Each entry has to be given again in its exact wording, and no picture may appear in the result.
(Task material)
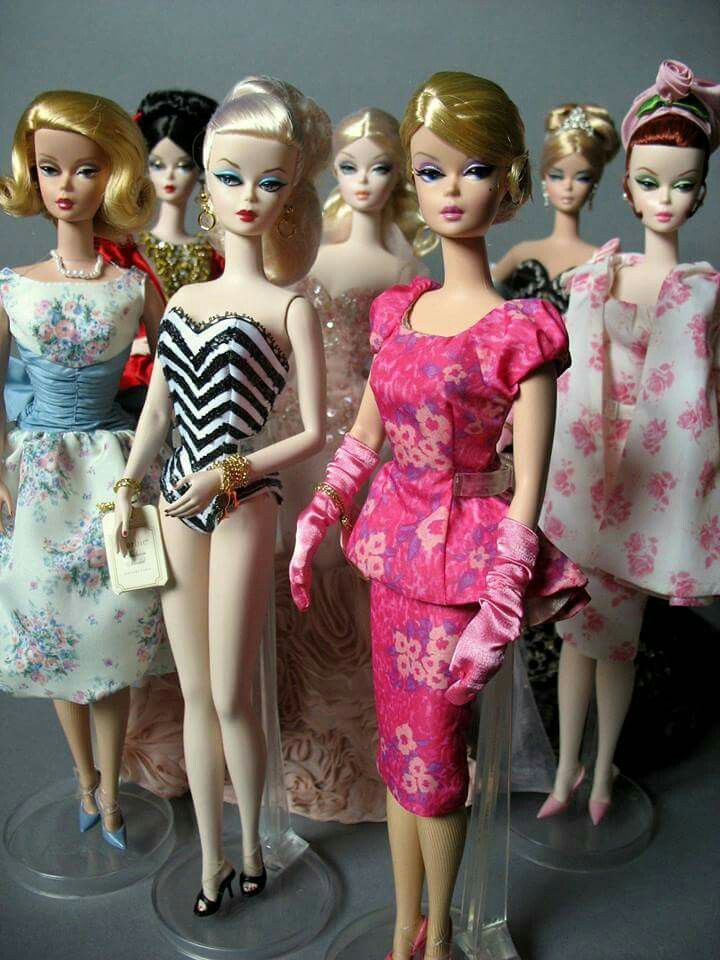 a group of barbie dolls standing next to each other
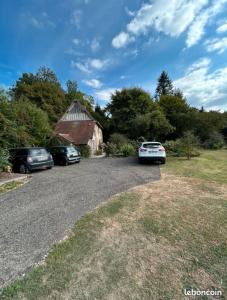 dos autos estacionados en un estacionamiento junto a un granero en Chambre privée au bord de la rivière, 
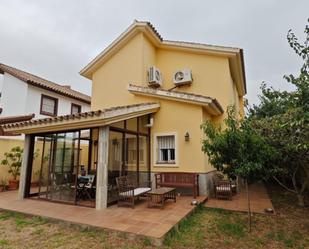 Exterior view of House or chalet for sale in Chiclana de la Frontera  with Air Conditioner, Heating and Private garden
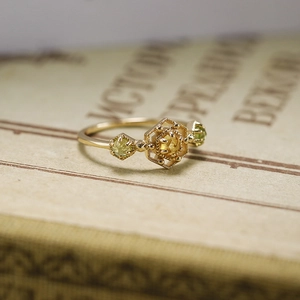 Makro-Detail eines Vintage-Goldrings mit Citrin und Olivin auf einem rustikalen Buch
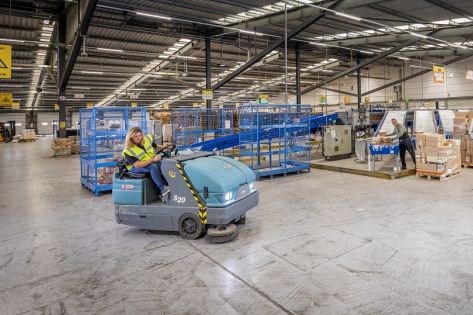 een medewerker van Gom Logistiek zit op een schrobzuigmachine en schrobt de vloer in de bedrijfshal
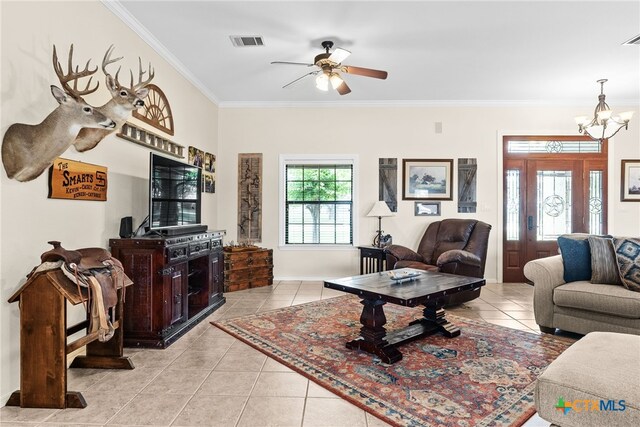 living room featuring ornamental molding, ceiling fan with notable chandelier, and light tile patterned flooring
(End Task material)
Problem solution:
 a group of barbie dolls standing next to each other
 dos autos estacionados en un estacionamiento junto a un granero en Chambre privée au bord de la rivière, 
 Exterior view of House or chalet for sale in Chiclana de la Frontera  with Air Conditioner, Heating and Private garden
 Makro-Detail eines Vintage-Goldrings mit Citrin und Olivin auf einem rustikalen Buch
 een medewerker van Gom Logistiek zit op een schrobzuigmachine en schrobt de vloer in de bedrijfshal
 living room featuring ornamental molding, ceiling fan with notable chandelier, and light tile patterned flooring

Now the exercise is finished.